Ex-rock musician wooing Malaysian youths to join IS militants, Utusan report says

Ex-rock musician known as Akel Zainal is believed to be enticing Malaysian youths to join the Islamic State (IS) in Syria. Picture shows the graves of People’s Protection Unit fighters who were killed during clashes with IS in Kobani, at a cemetery in the Syrian town of Suruc, October 11, 2014. — Reuters pic
Ex-rock musician known as Akel Zainal is believed to be enticing Malaysian youths to join the Islamic State (IS) in Syria.
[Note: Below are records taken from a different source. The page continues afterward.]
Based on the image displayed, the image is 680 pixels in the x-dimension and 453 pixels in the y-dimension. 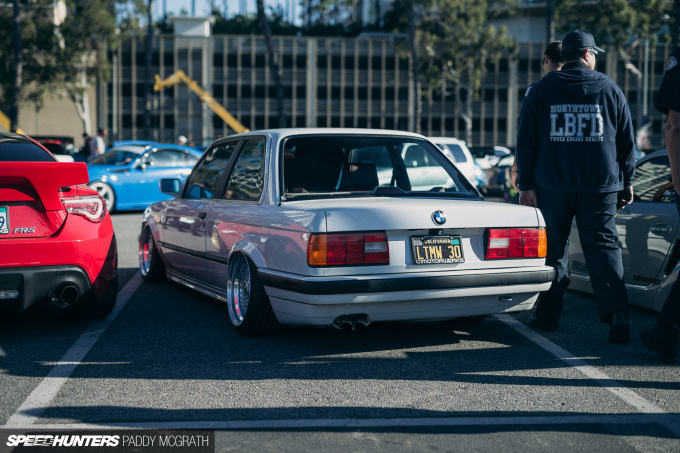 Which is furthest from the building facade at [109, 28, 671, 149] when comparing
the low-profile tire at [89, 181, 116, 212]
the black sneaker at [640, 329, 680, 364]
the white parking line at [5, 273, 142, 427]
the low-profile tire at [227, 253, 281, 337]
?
the black sneaker at [640, 329, 680, 364]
Picture shows the graves of People’s Protection Unit fighters who were killed during clashes with IS in Kobani, at a cemetery in the Syrian town of Suruc, October 11, 2014. — Reuters pic

KUALA LUMPUR, Oct 13 — A former 1990s rock musician known as Akel Zainal is believed to be enticing Malaysian youths to join the militants of the Islamic State (IS) in Syria, according to an Utusan Malaysia report published today.

Quoting a police source, the report said that Akel is now leading the a group of Malaysians group fighting for IS, effectively replacing local preacher and former Kedah PAS leader Mohd Lofti Ariffin who died pursuing the cause.

“He (Akel) is cunningly using his ‘celebrity’ status to entice local youths to join militant groups.

“Akel is proud when many of his Facebook followers praise him and offer words of encouragement and it captures the interests other people,” the source was quoted as saying.

Akel is active on social media and frequently uploads pictures of himself and other militants on Facebook.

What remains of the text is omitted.